EXCERPTED DATA:
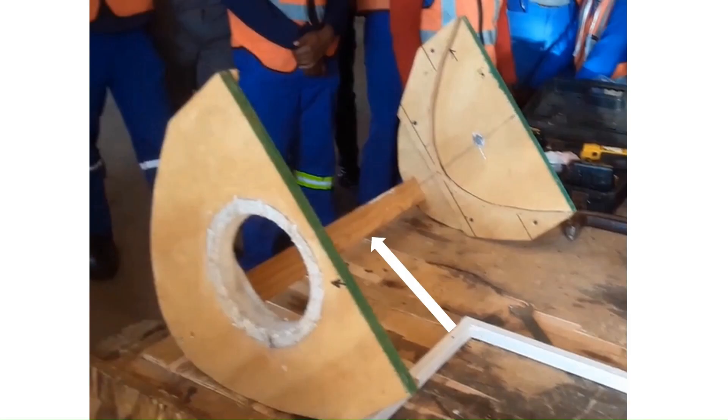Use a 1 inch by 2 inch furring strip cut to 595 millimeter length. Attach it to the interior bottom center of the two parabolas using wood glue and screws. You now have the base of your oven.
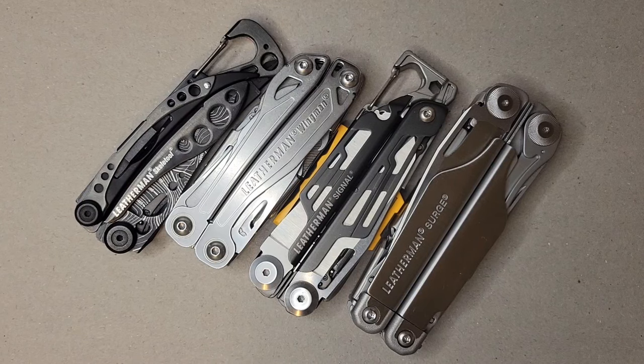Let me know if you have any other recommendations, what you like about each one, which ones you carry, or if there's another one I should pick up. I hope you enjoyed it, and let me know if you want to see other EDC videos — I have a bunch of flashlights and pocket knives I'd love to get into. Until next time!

---

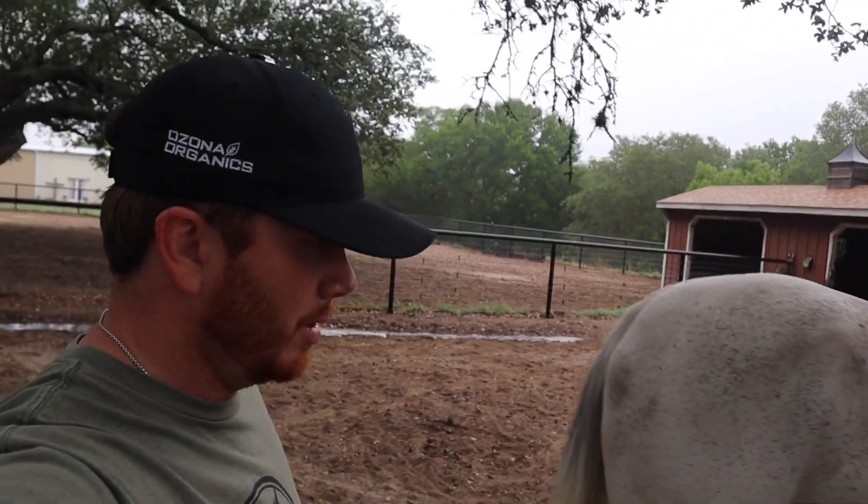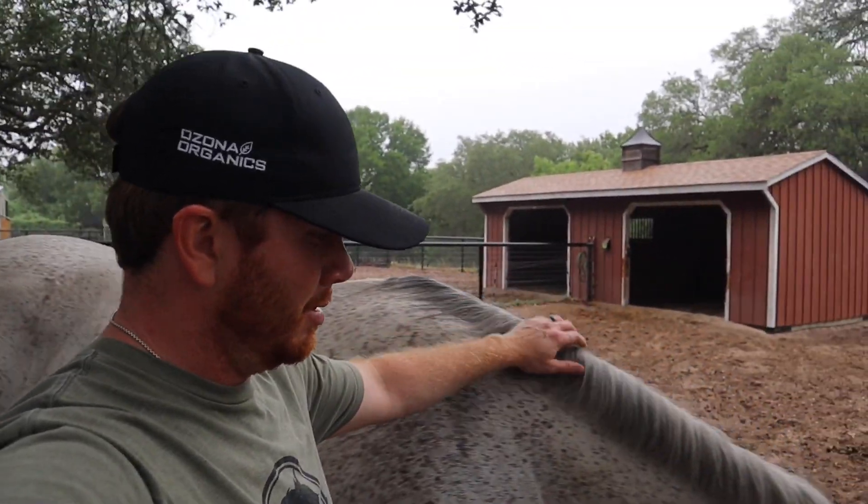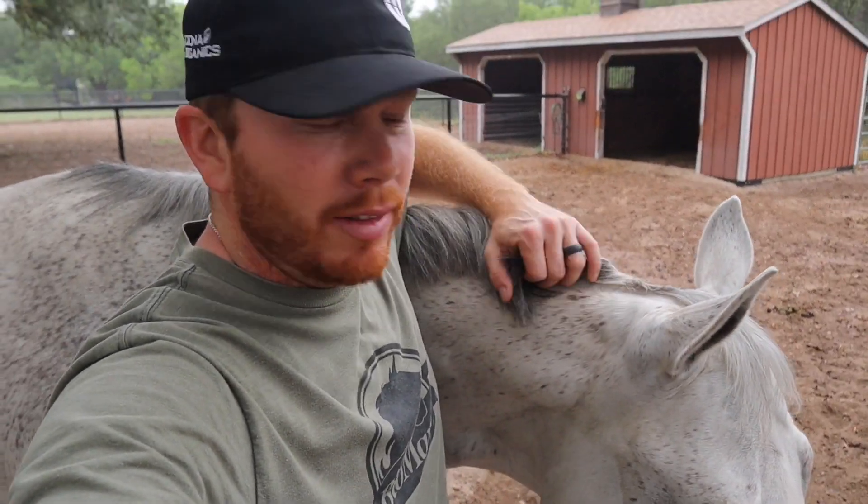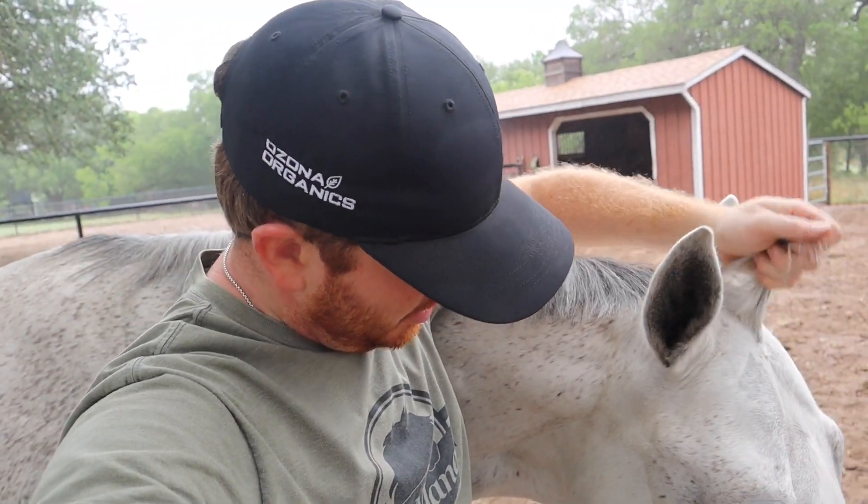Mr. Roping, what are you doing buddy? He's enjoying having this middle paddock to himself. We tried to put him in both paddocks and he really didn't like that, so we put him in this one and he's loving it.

ASSIGNMENT:
From the listing above, restate verbatim the lines running from the one with "Use a 1 inch" through the one with "Let me know if you have", inclusive, but not the pictures.

REPLY TO THE EXERCISE:
Use a 1 inch by 2 inch furring strip cut to 595 millimeter length. Attach it to the interior bottom center of the two parabolas using wood glue and screws. You now have the base of your oven.
Let me know if you have any other recommendations, what you like about each one, which ones you carry, or if there's another one I should pick up. I hope you enjoyed it, and let me know if you want to see other EDC videos — I have a bunch of flashlights and pocket knives I'd love to get into. Until next time!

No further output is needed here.